▶ Data shown:
-------------------------

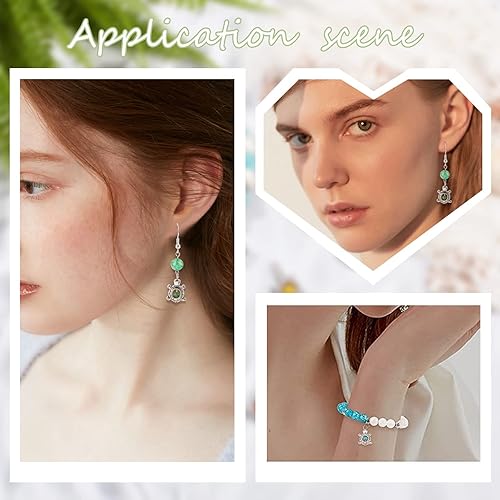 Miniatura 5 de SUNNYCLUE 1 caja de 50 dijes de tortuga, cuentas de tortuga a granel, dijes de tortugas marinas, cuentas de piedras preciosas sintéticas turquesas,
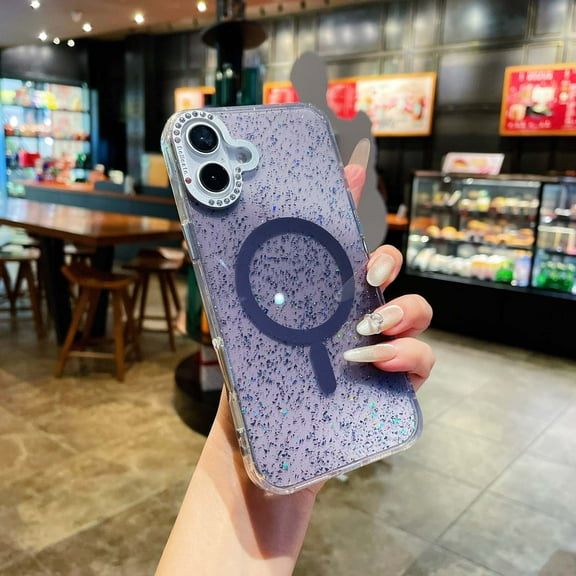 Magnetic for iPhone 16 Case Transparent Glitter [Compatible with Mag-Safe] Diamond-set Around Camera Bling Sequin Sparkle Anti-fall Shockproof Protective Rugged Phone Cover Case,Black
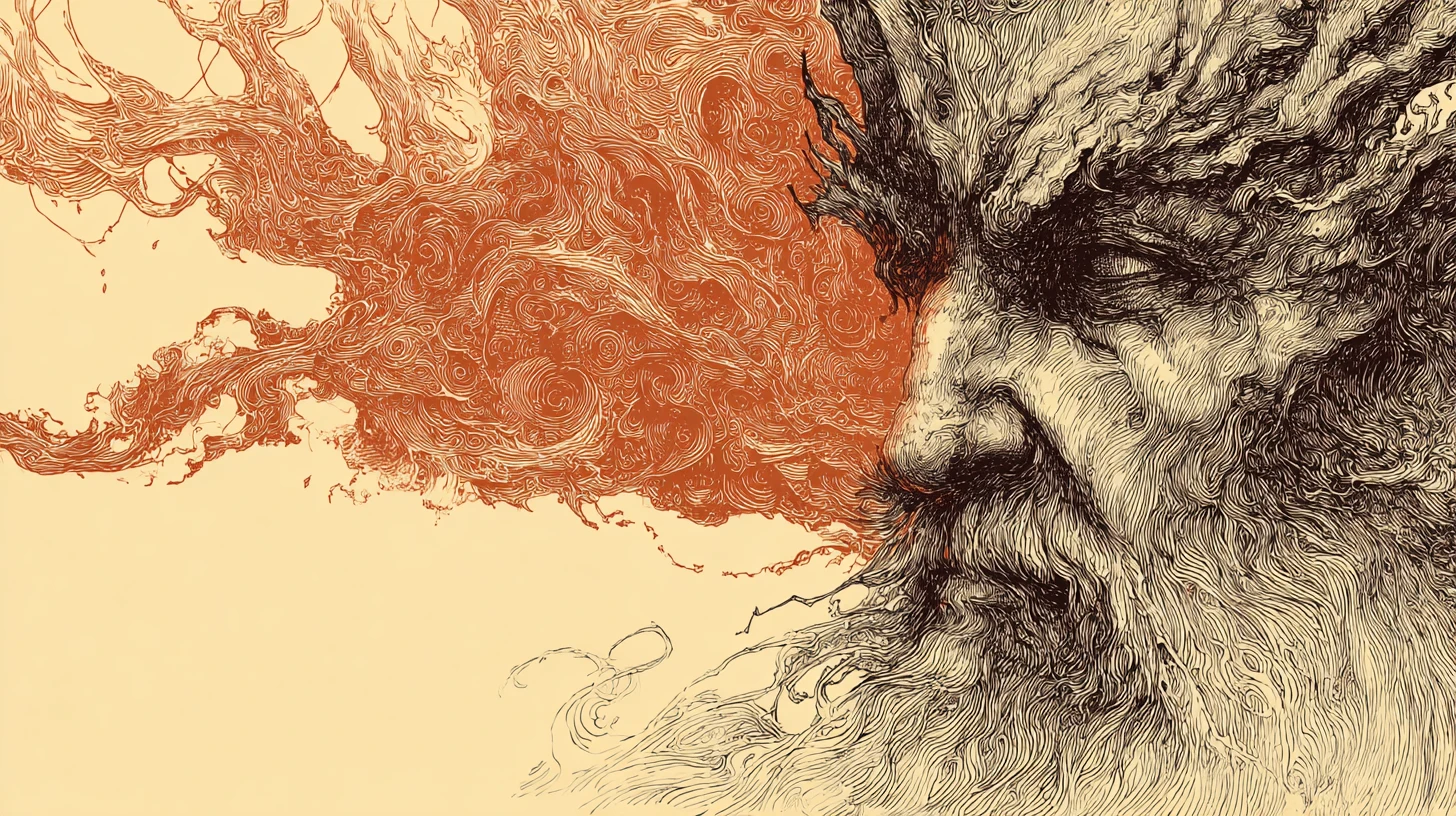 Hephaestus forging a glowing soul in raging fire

-------------------------

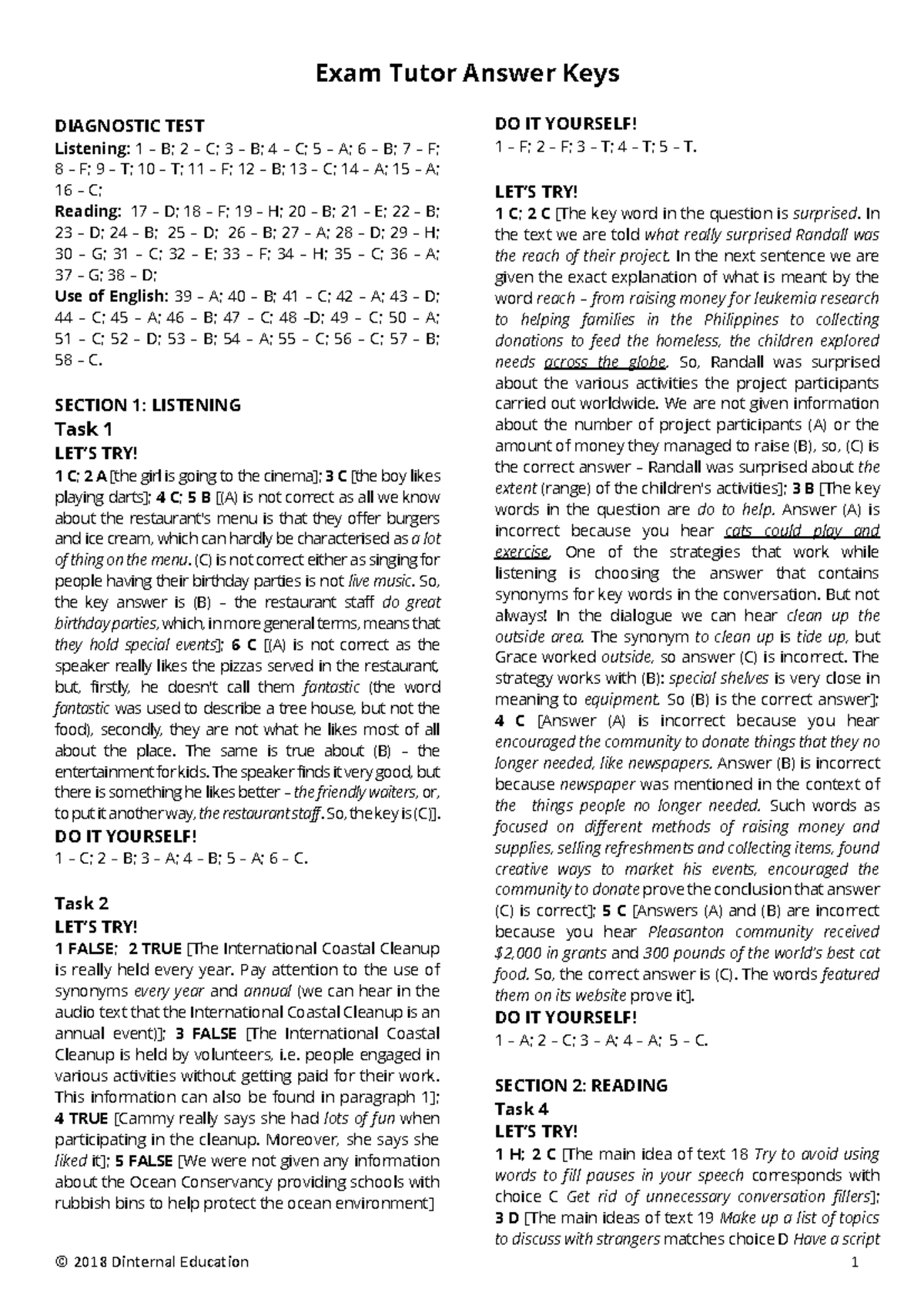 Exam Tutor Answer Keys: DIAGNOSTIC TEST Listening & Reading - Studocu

-------------------------

▶ Exercise objective:
A word-for-word reproduction is needed of the lines above from the line containing "Magnetic for iPhone" through the line containing "Hephaestus forging a", with both ends kept and no pictures.

▶ Solution to this task:
 Magnetic for iPhone 16 Case Transparent Glitter [Compatible with Mag-Safe] Diamond-set Around Camera Bling Sequin Sparkle Anti-fall Shockproof Protective Rugged Phone Cover Case,Black
 Hephaestus forging a glowing soul in raging fire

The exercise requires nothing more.